Campbell has scored one goal and added two assists thus far in his first Stanley Cup playoffs run. Linemates Daniel Paille (2 goals, 1 assist) and Shawn Thornton (1 assist) have also chipped in a bit. Against Tampa Bay in the Eastern Conference Final series that starts Saturday in Boston, the Bruins’ fourth line could play an even more vital role.
Campbell and his linemates saw their minutes increase a bit from the Montreal series to the Philadelphia second-round showdown, partially because the scores were more lopsided and partly because the match-ups were better suited for them. Against rugged bottom-six players like Dominic Moore, Nate Thompson, Adam Hall and Steve Downie, the Bruins’ energy line will have its hands full defensively, but could also find some openings for scoring chances.
“I think it takes a load off our big lines, which have obviously been very good. We’ve gotten offensive contributions from line one to three,” said Campbell. “I think we did a pretty good job in that Philly series. We contributed here and there and we did what we needed to do – had big shifts and drew penalties.
“I think we have to do more of that. I’m not sure with [Lightning top-six winger Simon] Gagne being back what the ice time is, but from what I’ve seen they play those guys a lot, especially in shutdown situations, and obviously they contribute offensively , so they’re getting a lot of minutes right now. At this point in the playoffs, it’s key to use all four lines. You start using three, three lines, those guys get tired. For us to be able to help those guys out is going to be key moving forward.”

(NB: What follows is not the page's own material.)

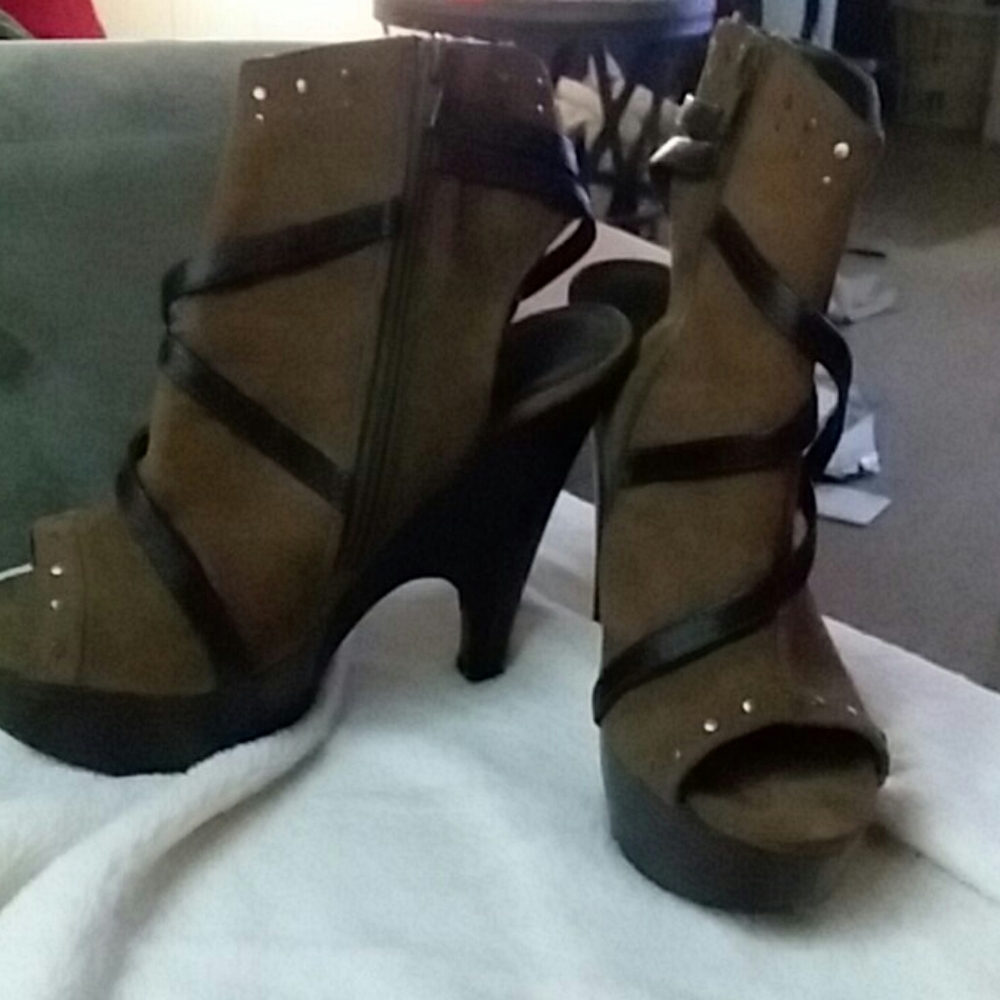 Gomax wedge bootie 9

Even with his average ice time down a couple minutes from the regular season, Campbell could be forgiven if he was feeling a little worn out. After all, since entering the NHL in 2005-06 he never reached the playoffs, let alone made a run to the conference finals and mid-May hockey.
However, aside from the stitched up cut and shiner surrounding his right eye after a face smack into a Flyers defenseman’s helmet, Campbell says he’s holding up well.
“I feel good,” said Campbell, who pointed out that he played just 60 games last season and now is on the verge of 100 since the start of the exhibition season. “Coming off last series, our line got a little confidence. We played a little more and had a little bigger role. This time [between series] allows us to kind of freshen up a bit, regroup, refocus, rest up a little bit. But for me, it’s unchartered waters, no doubt.
“It’s enjoyable and I’m excited. It’s not something where there’s too much time to think about how you feel rather than just enjoy the moment and kind of feed off adrenaline.”
Campbell somewhat fondly recalls his days of watching the postseason on television every spring. Now he’s a part of it for the first time and he’s accounted for his skills well. The Bruins will need even more of that if they’re to get past the Lightning and be the last team standing come mid-June.